Commentary: 2011 — A Year Like No Other … by Don Kirkland

Don Kirkland

South Carolina Baptists — as individuals, as a conclave of autonomous congregations, as a denomination whose foundational purpose is missions — will answer one way or another the most vital question asked of any of us at any time: Where will faithfulness to God take us?

Kirkland

In mid-January, the South Carolina Great Commission Resurgence Task Force — appointed by former convention president Fred Stone and modified to include the presidents of the institutions by a mandate of messengers to the annual meeting — will probably hold its first session.

The purpose of the panel’s work, which likely will take most of the year to finish, is best explained by Stone himself: It is to “develop a plan for how the South Carolina Baptist Convention will respond to the Great Commission Resurgence of the Southern Baptist Convention.”

If that sounds simple enough, it is not.

The SBC’s strategy calls for sending more offering plate funds to international missions and to major metropolitan areas and Western states. To help pay for this, the GCR task force of the SBC urges state conventions to up the percentage of Cooperative Program money forwarded to the SBC.

At the November state convention meeting, messengers approved a budget 8 percent less than the current figure, but did increase the percentage of CP funds going to the SBC slightly — from 40.44 percent to 41 percent. This action reflected previous planning by the convention and pre-dates the GCR initiative.

The 2011 budget is more indicative of a weaker economy than of a heightened interest in the GCR.

Ralph Carter, pastor of Brushy Creek Baptist Church in Taylors and chairman of the South Carolina task force, was quick to deny any “lack of love or zeal” for the time-honored Cooperative Program, which has been in decline for the last two years. Rather, he pointed out, “I just think we’re living in difficult economic times.”

His optimism remains high given the circumstances. “I believe South Carolina Baptists have a mission for reaching the world, and we have a good opportunity to try to accomplish that mission by bringing the GCR task force together and coming up with a plan that South Carolina Baptists can live with.”

The whole matter would be greatly simplified if the South Carolina Baptist Convention did not include its institutions — three universities, a children’s home, two retirement facilities, a newspaper and a foundation.

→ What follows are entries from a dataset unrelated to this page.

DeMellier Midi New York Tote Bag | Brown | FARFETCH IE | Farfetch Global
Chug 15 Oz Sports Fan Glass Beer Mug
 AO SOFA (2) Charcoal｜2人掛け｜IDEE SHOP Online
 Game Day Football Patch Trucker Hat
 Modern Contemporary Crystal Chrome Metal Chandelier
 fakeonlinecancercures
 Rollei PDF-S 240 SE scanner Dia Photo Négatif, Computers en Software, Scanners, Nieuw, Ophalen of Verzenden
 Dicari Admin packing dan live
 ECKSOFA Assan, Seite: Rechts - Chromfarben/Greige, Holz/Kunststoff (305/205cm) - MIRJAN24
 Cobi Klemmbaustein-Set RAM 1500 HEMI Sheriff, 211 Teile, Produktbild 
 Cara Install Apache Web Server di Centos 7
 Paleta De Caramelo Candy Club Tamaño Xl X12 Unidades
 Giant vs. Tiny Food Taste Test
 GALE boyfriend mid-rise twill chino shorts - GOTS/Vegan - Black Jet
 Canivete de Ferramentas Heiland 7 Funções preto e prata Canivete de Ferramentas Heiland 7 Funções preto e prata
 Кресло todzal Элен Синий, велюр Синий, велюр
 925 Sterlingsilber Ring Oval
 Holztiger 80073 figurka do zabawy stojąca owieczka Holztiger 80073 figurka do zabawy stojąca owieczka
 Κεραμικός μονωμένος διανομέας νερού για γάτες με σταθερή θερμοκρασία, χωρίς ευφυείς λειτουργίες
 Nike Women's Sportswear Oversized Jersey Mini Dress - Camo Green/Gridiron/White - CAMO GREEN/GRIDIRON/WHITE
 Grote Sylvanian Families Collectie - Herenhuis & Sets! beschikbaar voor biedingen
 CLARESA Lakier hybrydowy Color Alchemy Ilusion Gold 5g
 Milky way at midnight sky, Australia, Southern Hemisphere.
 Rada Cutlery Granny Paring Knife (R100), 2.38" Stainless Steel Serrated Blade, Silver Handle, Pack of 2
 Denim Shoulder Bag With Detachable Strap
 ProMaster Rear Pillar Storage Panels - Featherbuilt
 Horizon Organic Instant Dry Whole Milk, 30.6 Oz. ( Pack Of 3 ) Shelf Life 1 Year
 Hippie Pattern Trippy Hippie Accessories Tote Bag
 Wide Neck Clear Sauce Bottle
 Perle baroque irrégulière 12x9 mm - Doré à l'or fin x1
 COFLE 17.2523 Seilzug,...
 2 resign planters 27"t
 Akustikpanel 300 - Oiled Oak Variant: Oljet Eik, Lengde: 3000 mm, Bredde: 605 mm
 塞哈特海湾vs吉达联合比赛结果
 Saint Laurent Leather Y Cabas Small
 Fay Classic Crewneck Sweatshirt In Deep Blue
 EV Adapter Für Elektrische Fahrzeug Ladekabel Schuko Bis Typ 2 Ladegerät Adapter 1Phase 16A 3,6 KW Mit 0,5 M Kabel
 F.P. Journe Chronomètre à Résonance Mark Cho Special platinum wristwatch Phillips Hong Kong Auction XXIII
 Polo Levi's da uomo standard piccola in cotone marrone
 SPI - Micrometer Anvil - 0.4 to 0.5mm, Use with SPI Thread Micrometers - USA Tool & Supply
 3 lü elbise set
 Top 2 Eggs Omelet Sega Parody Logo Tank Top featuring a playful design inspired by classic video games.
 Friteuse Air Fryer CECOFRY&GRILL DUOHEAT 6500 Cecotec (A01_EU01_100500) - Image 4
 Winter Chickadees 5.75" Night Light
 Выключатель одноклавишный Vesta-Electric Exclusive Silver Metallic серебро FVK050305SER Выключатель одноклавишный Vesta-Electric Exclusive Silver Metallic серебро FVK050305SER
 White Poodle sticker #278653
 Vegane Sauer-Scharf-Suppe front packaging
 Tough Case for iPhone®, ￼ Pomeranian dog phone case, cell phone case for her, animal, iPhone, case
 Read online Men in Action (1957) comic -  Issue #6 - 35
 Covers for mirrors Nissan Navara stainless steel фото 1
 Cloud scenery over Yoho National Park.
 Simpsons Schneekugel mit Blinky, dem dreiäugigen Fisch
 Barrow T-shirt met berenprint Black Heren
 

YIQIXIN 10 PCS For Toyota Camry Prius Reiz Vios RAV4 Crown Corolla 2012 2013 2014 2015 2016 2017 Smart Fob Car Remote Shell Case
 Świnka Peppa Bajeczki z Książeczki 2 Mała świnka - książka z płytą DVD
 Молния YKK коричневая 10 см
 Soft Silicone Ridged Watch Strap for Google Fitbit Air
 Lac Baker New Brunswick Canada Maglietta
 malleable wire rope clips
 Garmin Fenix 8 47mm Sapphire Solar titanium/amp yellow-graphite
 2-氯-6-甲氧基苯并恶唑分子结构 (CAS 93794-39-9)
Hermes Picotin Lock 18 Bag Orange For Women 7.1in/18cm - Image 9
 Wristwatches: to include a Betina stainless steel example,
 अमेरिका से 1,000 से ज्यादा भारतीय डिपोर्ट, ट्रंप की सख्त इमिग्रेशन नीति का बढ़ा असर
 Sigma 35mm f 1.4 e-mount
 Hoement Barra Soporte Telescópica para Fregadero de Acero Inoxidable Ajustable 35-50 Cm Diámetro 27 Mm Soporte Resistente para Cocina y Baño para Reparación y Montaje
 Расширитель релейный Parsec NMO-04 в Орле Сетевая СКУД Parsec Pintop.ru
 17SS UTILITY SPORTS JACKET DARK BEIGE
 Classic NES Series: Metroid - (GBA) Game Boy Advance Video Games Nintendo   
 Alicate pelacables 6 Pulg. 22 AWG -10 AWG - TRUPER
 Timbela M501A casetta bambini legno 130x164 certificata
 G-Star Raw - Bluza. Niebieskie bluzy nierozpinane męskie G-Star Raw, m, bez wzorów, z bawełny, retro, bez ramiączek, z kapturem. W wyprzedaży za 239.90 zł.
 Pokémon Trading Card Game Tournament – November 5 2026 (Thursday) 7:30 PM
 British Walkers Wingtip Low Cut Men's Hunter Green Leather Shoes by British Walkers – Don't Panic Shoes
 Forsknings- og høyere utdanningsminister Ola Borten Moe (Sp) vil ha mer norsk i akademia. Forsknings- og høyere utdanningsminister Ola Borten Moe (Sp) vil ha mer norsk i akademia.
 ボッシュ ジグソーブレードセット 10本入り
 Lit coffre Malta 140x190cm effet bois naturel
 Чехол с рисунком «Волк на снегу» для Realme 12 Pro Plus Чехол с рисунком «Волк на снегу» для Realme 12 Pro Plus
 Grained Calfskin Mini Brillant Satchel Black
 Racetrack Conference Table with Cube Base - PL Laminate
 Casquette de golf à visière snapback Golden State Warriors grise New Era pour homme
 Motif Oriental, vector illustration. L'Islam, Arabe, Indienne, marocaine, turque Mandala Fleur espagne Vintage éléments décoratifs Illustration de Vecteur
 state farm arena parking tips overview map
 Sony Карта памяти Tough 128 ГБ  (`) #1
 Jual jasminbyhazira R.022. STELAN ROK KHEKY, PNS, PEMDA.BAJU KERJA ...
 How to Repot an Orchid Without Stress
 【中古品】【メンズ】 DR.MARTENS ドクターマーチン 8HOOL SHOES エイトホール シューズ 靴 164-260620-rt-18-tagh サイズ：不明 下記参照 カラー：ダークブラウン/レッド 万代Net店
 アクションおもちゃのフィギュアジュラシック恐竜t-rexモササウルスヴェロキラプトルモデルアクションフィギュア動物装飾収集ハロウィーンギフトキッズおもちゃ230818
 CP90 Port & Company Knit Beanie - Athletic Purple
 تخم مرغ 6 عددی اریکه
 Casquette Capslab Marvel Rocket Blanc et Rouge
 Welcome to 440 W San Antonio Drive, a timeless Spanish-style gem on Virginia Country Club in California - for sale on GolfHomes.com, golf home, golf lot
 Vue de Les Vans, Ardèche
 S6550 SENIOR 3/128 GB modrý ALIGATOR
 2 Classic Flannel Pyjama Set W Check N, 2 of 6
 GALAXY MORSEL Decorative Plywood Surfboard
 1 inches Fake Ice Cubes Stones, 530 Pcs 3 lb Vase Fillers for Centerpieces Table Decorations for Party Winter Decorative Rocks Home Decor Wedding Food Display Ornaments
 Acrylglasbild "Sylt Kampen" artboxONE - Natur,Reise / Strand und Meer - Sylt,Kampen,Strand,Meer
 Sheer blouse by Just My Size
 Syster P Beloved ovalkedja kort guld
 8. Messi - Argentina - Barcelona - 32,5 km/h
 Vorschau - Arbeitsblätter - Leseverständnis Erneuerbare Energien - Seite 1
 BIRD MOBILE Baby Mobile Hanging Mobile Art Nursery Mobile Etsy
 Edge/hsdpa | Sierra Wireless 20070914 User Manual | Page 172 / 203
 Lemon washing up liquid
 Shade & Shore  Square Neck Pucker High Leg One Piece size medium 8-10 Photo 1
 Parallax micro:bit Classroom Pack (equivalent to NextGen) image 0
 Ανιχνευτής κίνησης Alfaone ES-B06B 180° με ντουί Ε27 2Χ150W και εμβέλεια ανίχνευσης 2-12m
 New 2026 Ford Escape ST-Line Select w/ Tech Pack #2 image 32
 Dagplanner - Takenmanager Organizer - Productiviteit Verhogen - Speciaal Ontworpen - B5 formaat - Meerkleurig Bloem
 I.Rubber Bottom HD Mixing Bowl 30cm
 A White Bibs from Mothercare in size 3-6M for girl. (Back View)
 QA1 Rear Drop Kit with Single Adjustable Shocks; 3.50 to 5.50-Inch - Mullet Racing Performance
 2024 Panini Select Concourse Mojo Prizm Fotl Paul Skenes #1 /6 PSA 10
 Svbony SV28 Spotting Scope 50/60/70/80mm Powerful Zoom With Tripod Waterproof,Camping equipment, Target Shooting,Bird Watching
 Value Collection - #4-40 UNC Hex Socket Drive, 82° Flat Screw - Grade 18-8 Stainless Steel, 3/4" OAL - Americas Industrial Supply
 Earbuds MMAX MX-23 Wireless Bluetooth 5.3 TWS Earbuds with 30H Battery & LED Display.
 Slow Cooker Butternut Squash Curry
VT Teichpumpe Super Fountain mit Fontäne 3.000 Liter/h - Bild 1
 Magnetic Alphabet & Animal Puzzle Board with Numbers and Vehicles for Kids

All rely on Cooperative Program funds for their ministries, and therein lies the rub. If Cooperative Program giving does not increase, how will the money be divided, and if the cause of SBC interests or South Carolina ministries suffer as a consequence, which will it be? Or, will the pie simply be cut into smaller pieces so that everybody gets some, but nobody enough?

In his blog, “Just the Right Words,” convention president Sonny Holmes wrote that much of the talk around the convention now is resulting in more heat than light and threatens to “frighten us into doing nothing or to construct a wall of defense around the work highest on our priority list.”

His point: The task force has not yet met, nothing has yet been reduced, no money re-allocated, no entity defunded.

So he appealed to South Carolina Baptists: “Can we give it a rest? I am asking everyone to turn down the volume a notch or two. Let’s permit [the GCR task force] to meet and deliberate before we jeopardize their work by our unhealthy talk.”

The issues before the convention have no easy solution. To suggest otherwise would be foolish.

As South Carolina Baptists faithful to our Lord, and ultimately with loyalty to no one else, we must, and will, examine the denominational structure to determine whether changes need to be made to enhance effectiveness for kingdom work. What should the South Carolina Baptist Convention look like, from top to bottom, in the future?

Will we, in effect, do no more than tip our hats to world missions and evangelism while undergirding ministries, worthwhile in themselves, that revolve more around ourselves?

Will we allow ourselves to become stressed and distracted over matters that are secondary at best and perhaps non-essential?

Will we be so connected with God (or reconnected, if need be) that our priorities will line up with His?

For most of my life, I have suffered from nearsightedness. My corrected vision, though, continues to be 20-20. Far worse for followers of Jesus is spiritual nearsightedness. Often we see clearly what is up close, but fail to see as clearly, if at all, what lies in the distance. Jesus calls us as individuals, as churches and as a denomination to see with His eyes, with spiritual insight, with an eternal perspective. It may be that “corrected vision” is called for within our denomination, within our churches, within individual hearts.

And this, above all else: No matter what changes are made in the denominational structure, if each of us, as a disciple of Christ, does not take seriously the Gospels and their claims upon our lives and promises for all who believe — including individual responsibility in the spread of the gospel each day — there will be no Great Commission Resurgence.

For South Carolina Baptists, this promises to be a year like no other. For the sake of kingdom work, it must be a year like no other. Where will the new year take the faithful? Who can say, except that it will be forward — if we are willing to go. What a journey! What a God!